>>>

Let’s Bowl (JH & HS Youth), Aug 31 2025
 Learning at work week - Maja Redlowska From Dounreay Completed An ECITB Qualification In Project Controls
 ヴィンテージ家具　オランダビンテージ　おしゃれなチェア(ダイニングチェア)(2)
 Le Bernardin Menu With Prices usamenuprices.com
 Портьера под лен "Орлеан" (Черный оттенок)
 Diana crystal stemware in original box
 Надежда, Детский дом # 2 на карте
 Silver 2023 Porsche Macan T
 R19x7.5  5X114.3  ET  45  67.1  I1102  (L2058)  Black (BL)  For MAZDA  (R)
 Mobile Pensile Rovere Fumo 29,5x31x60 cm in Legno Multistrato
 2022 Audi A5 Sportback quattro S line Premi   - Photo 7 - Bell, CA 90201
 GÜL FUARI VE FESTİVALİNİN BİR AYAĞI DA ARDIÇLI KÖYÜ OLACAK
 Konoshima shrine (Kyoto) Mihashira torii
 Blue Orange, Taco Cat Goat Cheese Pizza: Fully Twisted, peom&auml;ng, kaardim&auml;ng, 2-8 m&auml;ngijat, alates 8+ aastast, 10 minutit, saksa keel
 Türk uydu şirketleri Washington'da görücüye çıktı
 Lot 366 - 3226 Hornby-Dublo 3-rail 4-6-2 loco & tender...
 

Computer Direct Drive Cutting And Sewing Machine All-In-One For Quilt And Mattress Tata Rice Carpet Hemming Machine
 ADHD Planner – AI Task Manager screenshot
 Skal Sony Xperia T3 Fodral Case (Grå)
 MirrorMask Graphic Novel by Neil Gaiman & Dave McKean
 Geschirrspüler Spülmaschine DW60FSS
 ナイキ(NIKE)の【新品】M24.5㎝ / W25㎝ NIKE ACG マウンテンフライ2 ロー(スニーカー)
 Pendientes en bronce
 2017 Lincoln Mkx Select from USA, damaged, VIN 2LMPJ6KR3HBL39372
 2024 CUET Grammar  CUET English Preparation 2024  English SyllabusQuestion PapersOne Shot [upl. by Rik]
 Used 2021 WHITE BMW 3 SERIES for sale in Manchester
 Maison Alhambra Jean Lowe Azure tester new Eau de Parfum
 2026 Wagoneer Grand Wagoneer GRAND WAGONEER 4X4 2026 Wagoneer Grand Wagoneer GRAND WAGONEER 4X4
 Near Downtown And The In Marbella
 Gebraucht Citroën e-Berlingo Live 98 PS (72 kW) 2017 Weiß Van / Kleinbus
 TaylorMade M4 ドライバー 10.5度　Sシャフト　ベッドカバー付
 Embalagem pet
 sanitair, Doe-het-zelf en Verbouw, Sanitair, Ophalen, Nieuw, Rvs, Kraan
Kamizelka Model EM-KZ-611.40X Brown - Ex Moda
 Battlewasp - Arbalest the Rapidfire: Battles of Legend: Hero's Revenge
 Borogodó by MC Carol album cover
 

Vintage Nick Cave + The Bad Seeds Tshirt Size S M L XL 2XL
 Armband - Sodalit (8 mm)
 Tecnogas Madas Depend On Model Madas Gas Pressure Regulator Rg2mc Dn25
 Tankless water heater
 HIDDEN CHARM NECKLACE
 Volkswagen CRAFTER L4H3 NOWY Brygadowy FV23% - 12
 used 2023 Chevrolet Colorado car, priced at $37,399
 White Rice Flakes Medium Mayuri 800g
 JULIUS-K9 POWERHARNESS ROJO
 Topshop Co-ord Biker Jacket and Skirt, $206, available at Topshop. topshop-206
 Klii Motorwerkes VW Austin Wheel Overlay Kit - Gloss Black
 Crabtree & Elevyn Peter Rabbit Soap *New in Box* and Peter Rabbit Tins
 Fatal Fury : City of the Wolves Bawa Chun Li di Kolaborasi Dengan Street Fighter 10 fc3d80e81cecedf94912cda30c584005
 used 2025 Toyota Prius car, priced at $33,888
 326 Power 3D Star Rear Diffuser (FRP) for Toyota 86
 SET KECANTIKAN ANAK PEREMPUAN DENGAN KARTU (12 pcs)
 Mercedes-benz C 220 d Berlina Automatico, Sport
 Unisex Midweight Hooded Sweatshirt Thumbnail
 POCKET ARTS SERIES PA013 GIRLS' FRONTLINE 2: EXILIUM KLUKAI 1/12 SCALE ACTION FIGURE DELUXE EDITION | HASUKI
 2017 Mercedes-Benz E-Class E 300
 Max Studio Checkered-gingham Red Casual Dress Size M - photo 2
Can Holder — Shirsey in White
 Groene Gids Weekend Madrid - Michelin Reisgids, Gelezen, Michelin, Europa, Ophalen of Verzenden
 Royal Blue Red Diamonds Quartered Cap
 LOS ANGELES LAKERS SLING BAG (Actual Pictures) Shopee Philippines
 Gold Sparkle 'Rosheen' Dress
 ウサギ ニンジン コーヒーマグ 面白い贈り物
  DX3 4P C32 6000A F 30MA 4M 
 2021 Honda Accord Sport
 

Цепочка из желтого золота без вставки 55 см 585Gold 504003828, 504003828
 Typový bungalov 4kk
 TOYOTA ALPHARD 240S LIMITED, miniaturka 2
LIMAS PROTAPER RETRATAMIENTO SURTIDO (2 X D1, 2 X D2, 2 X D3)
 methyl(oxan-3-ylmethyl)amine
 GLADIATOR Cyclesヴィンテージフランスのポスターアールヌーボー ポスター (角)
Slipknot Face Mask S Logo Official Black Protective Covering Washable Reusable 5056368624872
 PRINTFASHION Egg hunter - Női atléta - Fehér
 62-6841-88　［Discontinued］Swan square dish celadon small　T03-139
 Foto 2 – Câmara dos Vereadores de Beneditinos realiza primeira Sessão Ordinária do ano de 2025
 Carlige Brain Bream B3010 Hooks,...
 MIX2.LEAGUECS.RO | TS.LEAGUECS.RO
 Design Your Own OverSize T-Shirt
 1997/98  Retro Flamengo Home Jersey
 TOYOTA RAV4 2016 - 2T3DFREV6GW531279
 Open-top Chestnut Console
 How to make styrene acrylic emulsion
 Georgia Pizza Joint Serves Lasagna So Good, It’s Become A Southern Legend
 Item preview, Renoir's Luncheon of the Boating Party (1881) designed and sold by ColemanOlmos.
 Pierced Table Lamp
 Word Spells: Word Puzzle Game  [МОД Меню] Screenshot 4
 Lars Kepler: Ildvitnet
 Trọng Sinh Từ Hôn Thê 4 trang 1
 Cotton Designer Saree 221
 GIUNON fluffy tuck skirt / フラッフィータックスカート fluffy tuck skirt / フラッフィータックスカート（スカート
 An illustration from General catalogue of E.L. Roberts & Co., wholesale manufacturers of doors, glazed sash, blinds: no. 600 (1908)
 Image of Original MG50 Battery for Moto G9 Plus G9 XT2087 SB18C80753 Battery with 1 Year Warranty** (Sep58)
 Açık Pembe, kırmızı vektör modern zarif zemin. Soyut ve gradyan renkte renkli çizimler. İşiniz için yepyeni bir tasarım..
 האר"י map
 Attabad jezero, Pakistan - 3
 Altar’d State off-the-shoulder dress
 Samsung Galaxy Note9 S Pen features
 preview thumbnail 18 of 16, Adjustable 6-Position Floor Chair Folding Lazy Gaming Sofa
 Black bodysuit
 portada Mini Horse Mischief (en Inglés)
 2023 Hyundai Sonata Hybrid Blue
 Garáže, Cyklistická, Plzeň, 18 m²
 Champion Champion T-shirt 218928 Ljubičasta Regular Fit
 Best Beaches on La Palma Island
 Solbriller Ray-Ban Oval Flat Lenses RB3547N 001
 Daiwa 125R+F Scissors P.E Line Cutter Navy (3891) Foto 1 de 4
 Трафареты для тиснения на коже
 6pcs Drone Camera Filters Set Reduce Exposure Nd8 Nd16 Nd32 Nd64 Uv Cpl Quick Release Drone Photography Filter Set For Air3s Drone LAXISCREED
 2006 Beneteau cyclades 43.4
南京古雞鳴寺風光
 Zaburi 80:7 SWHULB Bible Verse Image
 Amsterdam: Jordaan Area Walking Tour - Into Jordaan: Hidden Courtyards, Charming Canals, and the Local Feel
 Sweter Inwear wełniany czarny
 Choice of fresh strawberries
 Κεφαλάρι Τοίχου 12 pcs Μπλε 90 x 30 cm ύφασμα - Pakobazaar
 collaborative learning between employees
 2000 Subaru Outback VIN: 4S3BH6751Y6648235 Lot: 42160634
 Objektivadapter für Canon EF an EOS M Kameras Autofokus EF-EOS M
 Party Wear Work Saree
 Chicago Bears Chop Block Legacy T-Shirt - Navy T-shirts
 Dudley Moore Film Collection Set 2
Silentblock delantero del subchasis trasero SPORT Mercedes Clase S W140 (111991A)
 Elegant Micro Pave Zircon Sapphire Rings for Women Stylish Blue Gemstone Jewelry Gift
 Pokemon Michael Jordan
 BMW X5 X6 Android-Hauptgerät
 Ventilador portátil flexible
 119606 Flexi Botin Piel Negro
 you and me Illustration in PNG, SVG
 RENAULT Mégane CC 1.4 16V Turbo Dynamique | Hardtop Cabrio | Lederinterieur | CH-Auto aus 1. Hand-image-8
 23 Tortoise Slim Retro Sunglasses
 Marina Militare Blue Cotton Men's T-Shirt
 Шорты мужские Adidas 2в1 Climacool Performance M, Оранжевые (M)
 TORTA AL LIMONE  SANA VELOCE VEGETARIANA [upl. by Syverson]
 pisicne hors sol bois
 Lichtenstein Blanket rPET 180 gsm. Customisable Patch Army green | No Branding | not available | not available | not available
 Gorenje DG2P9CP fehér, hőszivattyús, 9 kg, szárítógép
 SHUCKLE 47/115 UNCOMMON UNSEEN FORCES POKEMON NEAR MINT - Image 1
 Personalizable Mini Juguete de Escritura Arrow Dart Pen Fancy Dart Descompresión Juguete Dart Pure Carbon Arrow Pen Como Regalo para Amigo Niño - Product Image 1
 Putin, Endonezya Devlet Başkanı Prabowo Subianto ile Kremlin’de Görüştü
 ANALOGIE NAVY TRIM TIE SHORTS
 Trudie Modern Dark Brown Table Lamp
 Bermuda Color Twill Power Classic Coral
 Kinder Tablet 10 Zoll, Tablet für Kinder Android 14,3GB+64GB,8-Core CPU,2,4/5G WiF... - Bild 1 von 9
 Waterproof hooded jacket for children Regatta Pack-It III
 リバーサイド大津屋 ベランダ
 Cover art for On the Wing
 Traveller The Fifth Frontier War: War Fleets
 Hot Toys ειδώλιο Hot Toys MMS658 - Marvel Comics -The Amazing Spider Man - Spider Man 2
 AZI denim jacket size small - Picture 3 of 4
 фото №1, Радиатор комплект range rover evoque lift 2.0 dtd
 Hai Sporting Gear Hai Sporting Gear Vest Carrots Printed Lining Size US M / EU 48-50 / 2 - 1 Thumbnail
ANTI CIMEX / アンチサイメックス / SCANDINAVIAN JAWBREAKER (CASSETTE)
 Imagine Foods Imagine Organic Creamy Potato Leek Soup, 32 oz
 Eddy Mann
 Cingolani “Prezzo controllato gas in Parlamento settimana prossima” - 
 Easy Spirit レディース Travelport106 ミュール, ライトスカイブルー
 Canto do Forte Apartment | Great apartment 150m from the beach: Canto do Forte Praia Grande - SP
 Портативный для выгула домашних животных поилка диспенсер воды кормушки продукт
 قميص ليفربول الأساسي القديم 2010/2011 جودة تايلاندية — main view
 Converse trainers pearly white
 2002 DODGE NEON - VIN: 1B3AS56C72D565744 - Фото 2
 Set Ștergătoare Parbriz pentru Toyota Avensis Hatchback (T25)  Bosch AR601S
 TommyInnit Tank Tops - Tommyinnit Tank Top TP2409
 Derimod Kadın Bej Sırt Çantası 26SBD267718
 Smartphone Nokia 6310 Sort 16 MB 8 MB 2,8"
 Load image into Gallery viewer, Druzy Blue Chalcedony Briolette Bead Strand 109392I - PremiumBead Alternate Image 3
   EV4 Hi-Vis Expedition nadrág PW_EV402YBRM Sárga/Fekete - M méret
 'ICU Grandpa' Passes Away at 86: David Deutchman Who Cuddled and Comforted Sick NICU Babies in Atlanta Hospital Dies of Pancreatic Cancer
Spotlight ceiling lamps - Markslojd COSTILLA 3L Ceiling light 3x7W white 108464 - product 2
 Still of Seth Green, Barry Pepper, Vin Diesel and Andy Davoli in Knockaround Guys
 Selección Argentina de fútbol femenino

<<<

▸ Problem details
Reproduce the material above exactly, beginning at its first line and ending with the line that holds "Le Bernardin Menu". Include nothing else.

▸ Problem solution
Let’s Bowl (JH & HS Youth), Aug 31 2025
 Learning at work week - Maja Redlowska From Dounreay Completed An ECITB Qualification In Project Controls
 ヴィンテージ家具　オランダビンテージ　おしゃれなチェア(ダイニングチェア)(2)
 Le Bernardin Menu With Prices usamenuprices.com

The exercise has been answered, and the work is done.